We have a problem. ‘Congratulations.’ But it’s a tough problem. ‘Then double congratulations.’ – Clement Stone
This blog describes what is probably the most challenging troubleshooting issue I have faced with SAP IDM. Based on this and some of our related findings, I thought it would be worthwhile to share the issue and our resolution with you*. But I’d like to start it off with a word of warning: while SAP support was engaged for part of this issue, the final fix, and its implementation were not formally approved by SAP, although parts of the resolution did come from SAP documents. Also, this issue would not have been resolved without the assistance of Database Administrators, System Administrators, and of course BASIS. Very seldom do these types of issues get resolved solo.
It all started Monday morning (don’t these things always start on a Monday morning?) We started by getting some information regarding what was going on. Over about a 15-minute period of time the main users of SAP IDM could no longer update user entries, followed quickly by an inability to create new entries. Upon accessing the task via the web UI, a fairly generic NetWeaver Application Server message was thrown:
If you’re wondering, this particular organization is using SAP IDM 7.2 SP7, NetWeaver 7, and Oracle 11 in their landscape. We fairly quickly tracked this down to a Java extension and turning this off, while slightly annoying, was not a major issue, and we thought we were on our way out of the situation. However, when we tried the task again we got a brand-new error.

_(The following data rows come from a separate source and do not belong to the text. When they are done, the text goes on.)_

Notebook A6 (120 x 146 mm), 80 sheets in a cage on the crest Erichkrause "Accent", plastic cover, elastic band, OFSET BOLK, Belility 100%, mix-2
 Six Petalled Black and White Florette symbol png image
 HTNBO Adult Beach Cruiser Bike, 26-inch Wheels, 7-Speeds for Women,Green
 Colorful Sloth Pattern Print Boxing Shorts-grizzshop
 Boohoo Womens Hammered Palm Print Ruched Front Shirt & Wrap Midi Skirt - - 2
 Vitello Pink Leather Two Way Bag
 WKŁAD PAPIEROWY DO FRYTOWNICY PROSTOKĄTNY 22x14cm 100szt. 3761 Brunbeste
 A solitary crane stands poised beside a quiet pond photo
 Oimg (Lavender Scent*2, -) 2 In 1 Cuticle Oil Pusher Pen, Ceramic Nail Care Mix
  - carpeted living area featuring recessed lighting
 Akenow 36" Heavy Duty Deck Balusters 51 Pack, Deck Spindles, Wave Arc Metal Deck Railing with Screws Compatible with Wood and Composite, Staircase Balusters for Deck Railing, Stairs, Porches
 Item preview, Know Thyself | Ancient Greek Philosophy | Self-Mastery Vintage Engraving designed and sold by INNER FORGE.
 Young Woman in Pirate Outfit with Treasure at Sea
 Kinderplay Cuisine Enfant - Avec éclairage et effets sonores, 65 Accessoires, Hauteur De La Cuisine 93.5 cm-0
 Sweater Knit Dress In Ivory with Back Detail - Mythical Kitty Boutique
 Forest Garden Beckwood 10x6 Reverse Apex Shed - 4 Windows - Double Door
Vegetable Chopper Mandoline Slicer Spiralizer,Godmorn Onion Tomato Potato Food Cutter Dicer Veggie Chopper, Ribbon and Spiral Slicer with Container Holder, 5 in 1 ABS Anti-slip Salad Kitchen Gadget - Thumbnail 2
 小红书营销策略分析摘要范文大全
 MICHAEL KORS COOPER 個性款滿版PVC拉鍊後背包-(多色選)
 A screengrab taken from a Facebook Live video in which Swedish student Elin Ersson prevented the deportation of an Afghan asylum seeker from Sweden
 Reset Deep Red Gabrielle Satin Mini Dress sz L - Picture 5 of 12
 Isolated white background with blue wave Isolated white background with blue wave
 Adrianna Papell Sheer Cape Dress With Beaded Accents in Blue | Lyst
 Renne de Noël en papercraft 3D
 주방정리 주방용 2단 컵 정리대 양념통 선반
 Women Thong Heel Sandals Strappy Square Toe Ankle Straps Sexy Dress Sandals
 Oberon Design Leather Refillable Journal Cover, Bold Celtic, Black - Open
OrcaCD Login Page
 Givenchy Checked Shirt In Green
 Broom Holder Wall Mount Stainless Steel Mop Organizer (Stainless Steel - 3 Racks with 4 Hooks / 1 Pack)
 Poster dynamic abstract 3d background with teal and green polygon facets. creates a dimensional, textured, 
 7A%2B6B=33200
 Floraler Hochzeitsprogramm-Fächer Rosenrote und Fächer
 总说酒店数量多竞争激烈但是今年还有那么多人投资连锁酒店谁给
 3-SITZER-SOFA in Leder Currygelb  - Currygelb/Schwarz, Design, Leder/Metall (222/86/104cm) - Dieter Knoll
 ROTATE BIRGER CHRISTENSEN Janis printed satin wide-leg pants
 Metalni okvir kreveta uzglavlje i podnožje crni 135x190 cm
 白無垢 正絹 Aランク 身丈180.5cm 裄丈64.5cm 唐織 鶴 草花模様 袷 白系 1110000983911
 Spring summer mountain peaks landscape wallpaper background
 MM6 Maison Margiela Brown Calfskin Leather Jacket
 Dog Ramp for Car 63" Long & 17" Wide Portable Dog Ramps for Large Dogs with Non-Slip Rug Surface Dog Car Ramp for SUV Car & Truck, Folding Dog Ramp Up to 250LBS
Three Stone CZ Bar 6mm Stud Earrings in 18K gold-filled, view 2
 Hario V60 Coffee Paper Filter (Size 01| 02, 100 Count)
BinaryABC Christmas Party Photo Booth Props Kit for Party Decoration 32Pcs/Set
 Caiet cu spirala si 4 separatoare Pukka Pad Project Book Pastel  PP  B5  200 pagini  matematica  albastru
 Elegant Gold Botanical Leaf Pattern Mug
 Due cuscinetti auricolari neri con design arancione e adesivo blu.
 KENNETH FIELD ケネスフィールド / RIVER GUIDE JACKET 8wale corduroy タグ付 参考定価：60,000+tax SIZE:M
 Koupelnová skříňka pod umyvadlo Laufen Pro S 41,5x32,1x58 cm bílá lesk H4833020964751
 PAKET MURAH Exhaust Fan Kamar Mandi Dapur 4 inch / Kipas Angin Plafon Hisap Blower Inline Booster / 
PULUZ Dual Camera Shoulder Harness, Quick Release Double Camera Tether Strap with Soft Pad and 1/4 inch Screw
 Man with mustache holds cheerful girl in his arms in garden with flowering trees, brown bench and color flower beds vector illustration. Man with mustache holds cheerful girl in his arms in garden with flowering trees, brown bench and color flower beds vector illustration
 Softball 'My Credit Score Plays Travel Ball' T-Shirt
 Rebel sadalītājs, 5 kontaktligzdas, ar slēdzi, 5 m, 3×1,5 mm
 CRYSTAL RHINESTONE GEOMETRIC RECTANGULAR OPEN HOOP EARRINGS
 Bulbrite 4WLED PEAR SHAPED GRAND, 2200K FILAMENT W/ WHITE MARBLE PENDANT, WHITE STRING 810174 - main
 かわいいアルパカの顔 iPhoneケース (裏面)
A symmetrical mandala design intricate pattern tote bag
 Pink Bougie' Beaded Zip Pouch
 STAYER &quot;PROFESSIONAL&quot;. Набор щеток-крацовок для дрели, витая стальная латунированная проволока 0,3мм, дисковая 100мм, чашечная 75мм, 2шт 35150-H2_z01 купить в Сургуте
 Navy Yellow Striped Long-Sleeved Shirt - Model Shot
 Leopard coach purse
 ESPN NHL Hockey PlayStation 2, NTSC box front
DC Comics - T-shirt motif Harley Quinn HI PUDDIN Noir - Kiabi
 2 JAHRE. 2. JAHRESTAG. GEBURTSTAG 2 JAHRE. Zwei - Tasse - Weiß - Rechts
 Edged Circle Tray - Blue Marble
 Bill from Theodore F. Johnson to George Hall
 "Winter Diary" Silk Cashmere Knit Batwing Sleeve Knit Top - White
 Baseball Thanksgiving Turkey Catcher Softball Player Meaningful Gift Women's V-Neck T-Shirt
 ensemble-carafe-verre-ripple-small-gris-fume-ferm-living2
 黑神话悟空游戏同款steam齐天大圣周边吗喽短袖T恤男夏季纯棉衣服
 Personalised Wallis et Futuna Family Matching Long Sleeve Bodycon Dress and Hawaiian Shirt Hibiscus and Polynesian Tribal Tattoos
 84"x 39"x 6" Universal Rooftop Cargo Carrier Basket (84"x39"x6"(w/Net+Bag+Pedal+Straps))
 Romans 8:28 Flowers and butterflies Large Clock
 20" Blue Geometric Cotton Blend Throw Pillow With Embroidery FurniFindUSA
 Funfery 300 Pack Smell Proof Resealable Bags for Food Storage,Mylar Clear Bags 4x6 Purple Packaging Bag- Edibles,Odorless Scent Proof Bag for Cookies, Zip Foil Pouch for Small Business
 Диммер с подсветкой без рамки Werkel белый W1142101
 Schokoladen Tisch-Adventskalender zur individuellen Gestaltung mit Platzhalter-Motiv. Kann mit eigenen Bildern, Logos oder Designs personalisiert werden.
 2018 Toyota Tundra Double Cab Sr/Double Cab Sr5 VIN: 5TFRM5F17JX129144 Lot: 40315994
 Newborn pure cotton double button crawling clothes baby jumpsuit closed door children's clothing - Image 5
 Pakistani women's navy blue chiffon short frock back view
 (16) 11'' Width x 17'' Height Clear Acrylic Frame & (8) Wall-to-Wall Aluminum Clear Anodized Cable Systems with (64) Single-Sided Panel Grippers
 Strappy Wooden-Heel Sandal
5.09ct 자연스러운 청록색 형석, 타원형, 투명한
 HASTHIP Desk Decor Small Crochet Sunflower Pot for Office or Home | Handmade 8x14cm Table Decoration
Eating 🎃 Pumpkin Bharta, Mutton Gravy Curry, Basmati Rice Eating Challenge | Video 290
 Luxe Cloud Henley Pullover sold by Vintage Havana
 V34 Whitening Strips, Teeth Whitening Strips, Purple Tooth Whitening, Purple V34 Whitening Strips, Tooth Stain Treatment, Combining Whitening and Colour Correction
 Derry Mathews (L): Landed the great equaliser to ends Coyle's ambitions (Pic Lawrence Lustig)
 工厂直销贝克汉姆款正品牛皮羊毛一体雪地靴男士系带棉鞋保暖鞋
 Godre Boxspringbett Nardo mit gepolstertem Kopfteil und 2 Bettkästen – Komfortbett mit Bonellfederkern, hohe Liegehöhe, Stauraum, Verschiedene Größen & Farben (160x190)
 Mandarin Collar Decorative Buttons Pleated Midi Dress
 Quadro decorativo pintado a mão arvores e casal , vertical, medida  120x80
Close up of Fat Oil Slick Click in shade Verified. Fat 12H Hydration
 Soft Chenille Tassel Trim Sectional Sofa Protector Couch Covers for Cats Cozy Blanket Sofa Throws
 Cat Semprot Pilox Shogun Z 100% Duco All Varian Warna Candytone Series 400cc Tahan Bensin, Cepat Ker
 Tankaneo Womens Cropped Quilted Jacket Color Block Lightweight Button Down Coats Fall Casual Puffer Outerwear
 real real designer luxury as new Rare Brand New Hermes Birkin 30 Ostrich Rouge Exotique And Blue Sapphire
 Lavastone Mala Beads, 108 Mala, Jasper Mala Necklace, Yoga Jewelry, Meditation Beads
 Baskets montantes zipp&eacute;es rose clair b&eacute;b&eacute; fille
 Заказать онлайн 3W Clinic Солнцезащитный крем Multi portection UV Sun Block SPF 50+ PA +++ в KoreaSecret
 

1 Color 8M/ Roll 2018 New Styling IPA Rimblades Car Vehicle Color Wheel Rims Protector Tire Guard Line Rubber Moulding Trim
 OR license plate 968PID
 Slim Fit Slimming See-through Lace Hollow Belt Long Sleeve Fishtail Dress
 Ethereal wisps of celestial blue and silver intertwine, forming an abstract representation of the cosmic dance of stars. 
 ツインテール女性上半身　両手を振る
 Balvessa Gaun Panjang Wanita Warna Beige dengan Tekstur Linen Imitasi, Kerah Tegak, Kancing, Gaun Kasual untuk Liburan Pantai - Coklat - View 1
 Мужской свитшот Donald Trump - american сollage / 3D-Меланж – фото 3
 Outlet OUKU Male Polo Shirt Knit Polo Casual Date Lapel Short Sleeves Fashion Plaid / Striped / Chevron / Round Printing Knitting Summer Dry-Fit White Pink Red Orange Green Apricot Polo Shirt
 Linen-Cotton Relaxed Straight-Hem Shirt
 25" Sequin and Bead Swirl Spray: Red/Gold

Poking around the system, we quickly saw that this issue was happening for any task from the UI that was designed to update an entry. Further testing also showed that this was happening for all entry types. We thought that this would make things easier since there was a common factor in that the error was all coming from the same type of task, but there were a few items that had us scratching our heads:
- We could not see any error in the IDM logs, NetWeaver traces, or Oracle logs that we could match up with this message.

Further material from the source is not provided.